Yesterday I wrote about how our penchant for judgment precludes the formation of a just society; when we formulate our responses to systemic injustice in terms of personal responsibility we sabotage progress and turn it instead into a blame game.  But whereas it’s all too easy to point fingers at the abdication of personal responsibility as a cause of poverty or failure or other woes, we often overlook the necessity of personal responsibility in surmounting privilege.


All of us, by virtue of living in an unjust world, participate in unjust systems; to try and claim oneself free of all such influences is to engage in a race-to-the-bottom Oppression Olympics, an event in which nobody ever wins.  Admitting our culpability in these systems can be difficult: the vast majority of us do not like to think ourselves racists, and we don’t hate people of color personally – but if we participate in racist systems, are we nonetheless upholding white hegemony?  (As I’ve said previously, the answer is yes.)


The only way to truly change disparate outcomes is to change the structures in which we all operate.  As Alyssa Rosenberg writes in her summary of the extreme gender discrepancies in literary magazines, as revealed over the last three years by VIDA’s byline count:


My guess would be that the problem is less malign, but more insidious.
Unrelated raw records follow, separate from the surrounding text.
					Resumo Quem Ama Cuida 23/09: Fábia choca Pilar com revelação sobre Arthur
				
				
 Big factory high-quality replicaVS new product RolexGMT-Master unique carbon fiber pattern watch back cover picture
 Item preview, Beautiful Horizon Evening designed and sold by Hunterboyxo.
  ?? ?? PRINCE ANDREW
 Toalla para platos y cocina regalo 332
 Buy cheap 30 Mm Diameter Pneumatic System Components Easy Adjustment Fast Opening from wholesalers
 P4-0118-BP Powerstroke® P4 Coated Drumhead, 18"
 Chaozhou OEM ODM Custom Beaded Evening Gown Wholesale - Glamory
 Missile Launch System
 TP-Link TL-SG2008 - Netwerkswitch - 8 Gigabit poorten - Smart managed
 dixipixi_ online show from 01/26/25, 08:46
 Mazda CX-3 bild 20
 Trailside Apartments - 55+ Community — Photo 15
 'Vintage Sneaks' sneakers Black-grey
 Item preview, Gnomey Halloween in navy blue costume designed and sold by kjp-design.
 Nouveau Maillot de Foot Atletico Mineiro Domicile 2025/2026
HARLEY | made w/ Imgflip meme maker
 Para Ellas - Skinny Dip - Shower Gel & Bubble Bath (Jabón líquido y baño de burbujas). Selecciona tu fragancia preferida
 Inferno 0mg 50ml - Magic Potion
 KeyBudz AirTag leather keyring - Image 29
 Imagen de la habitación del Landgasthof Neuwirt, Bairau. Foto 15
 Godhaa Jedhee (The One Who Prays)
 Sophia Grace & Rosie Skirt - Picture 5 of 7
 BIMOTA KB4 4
I’d be willing to bet that every editor of every publication on this list is, in theory at least, committed to the principals of gender equity. But I’d also be comfortable laying money on the idea that they’re equally convinced that their subconscious biases, reliance on familiar authors, and processes to sort submissions and identify new contributors are sound and don’t in any way work to produce byline inequality. They’re probably uncomfortable with the idea of quotas and target numbers, in part because they want to have faith in their own processes. In other words, they can acknowledge a problem without thinking that it’s their problem. And making that connection is what’s important.


It’s all too easy to pretend that we’re not part of the problem, that we are better than the systems in which we participate.  But such willful blindness solves nothing; indeed, it only perpetuates the injustice.